The other issue was economics. At the time, I could not in any way see how supply-side economics could work. I understand the philosophy better now, so I can see where some people might expect it to work, but I still do not believe it works, and I think most of the people who promote it don’t really believe in it either, they just want the tax cuts.

Anyway, it was ultimately the party that would line up more with my personal beliefs, and personality, because I have a sympathetic, if not bleeding, heart, and am liberal in the sense of being generous, and I am really not about greed or condemning other people in any way. I suppose I could be called a hippie, but I’m really too square for that. I would say I am a populist, but that’s usually just something people call themselves as a ploy to win votes, and I’m not that cynical (though my sense of humor is).
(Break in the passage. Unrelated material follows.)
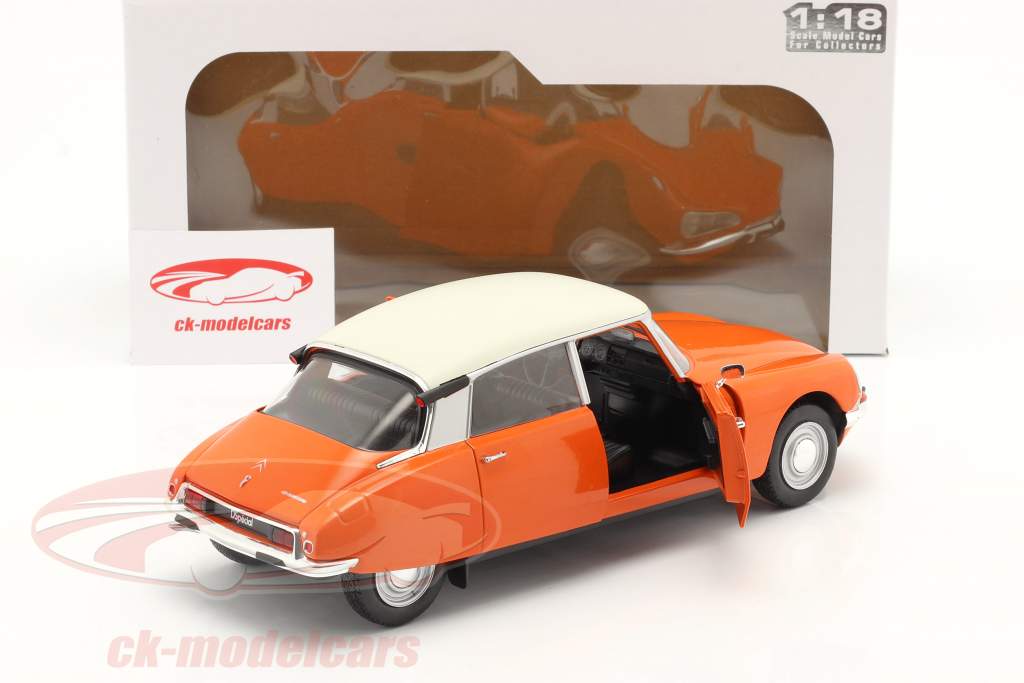 Citroen D Special Año de construcción 1972 naranja 1:18 Solido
I guess what I am trying to explain is that the first candidate I supported was Jerry Brown. I even saw him speak. He came to U of O, and Ken Kesey introduced him.

I know a lot of people considered him to be a bit of a space cadet (literally), but at the time I was looking for intelligence and integrity, and I believed he had those. Naturally, by the time the primary came around he was not even on the Oregon ballot, but I did end up voting for Clinton and feeling like he did a good job. I wasn’t happy about the whole Lewinsky thing, but I really don’t think we needed a special investigator for it. I was glad to see the deficit going down, and to feel like my family was making ground economically again, because things had really started to go downhill for us during the second term of Reaganomics, followed by Bush’s voodoo economics.

I did support Gore, though honestly I like him better now than I did then, but I really hated Bush. I remember going to bed on election night just unable to believe that I was going to wake up under a Bush presidency. As it was, hope was kept alive for a little bit longer, but you know how that came out.

Sadly, at this point I don’t even remember whom I initially wanted in 2004. It wasn’t Kerry, but I could live with him. I did not vote for him in the primary, though. I voted for Kucinich to remind Kerry that he did not have a strong mandate, and he should consider being a little more radical. It was Sean Penn’s idea, actually. He left me a phone message. Obviously, I still wish Kerry had won.

Finally, I started off 2008 wishing for Edwards. He had some good moments, but this has not been a typical campaign, and I don’t see how he could have been able to generate enough excitement.

In summary, politics is an area of perpetual disappointment for me, but I am not able to quit caring. So with mingled passion and dread, I will be taking on the 2008 election in my next few posts.